Print Division

View Original

Day 11 - Black and White

I don’t ever take black and white photographs. That is a strange thing to say, because I absolutely love looking at them. I think it is because I associate all of the great photographers and timeless pictures with black and white, and my mind automatically disassociates myself from them. I guess I don’t feel experienced enough to be in that club.

And another thing: it’s freaking hard to do. Using color in a picture is something to hide behind when your composition and subject are a little lacking, but when you shoot black and white you are absolutely vulnerable. It demands a great picture in order to be successful. And for those reasons, and many more I just avoid it all together. Maybe when I grow up and practice more I will venture into it.

But here we are, and I have to give one to you. The gods of 31-day-photography-challenge demand it.

I feel like a hobby in adulthood is getting together with your friends and talking about how strange and damaging your childhood was, and how it left you permanently scarred and then everybody laughs and that’s the game. I always feel like an imposter in that game, because I don’t have much to contribute. I am not saying that to try and brag or anything, it has just happened to me on many occasions. I mean was childhood perfect? Absolutely not. Nothing ever is. But I always had what I needed, and more often than not I even had the things I wanted. I never felt small and silly, even when I was both of those things. My problems were never written off as childish even though in retrospect, my little dramas probably contributed to some good laughs for my parents. I was always encouraged to try new hobbies, even the loud annoying ones. I spent time building fun projects with my dad and cooking with my mom, things which I feel people still positively associate with me.

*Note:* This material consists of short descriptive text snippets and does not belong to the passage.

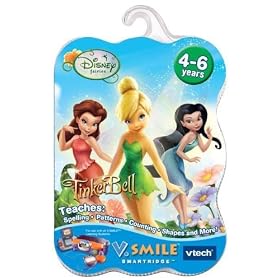 VTech V.Smile Smartridge: Disney Fairies Tinker Bell by VTech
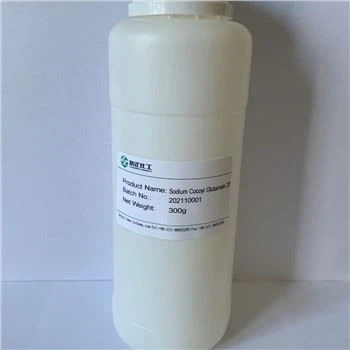 Réiteach Glutamate Sóidiam Cocoyl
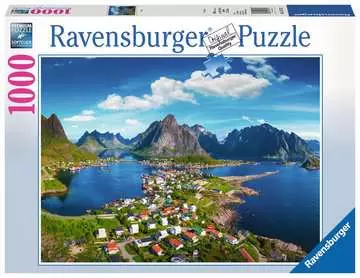 Lofoten                 1000p Puslespill;Voksenpuslespill - bilde 1 - Ravensburger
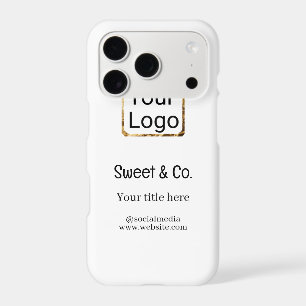 custom add your logo personalized company name pap
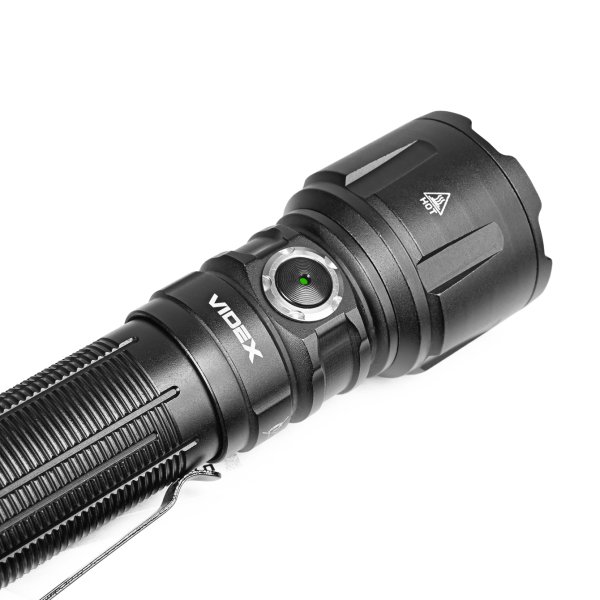 Портативний світлодіодний ліхтарик VIDEX VLF-A376 3600Lm 5000K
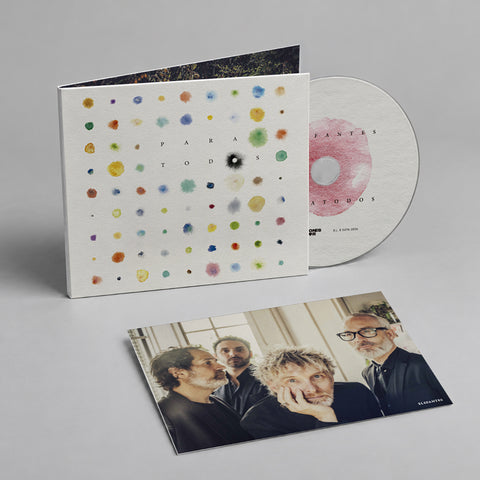 Elefantes - Pack 1: CD "Para Todos" + postal firmada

I think that environment made me not afraid. I am not scared to look silly as an adult, or to say what I really feel. I decided to make a photography blog, even though it is scary. I trust myself in hard situations and in new situations, and I think that is rare. Most importantly, I learned how to be kind from my parents, and after a lot of thought I think that is the greatest gift they have given me. They think it is innate in me, but it is not. I am kind because I saw kindness was possible and it made people feel happy. They think I am good on my own, but I am not. They made me.

I realize this all seems narcissistic, but I promise it is not. I am just grateful.

I decided on this picture of my parents. They have both independently told me they don’t like this picture because they both feel like it is unflattering to them. They nitpick their wrinkles, smiles, hair, you name it. But I love this picture, I think it’s beautiful.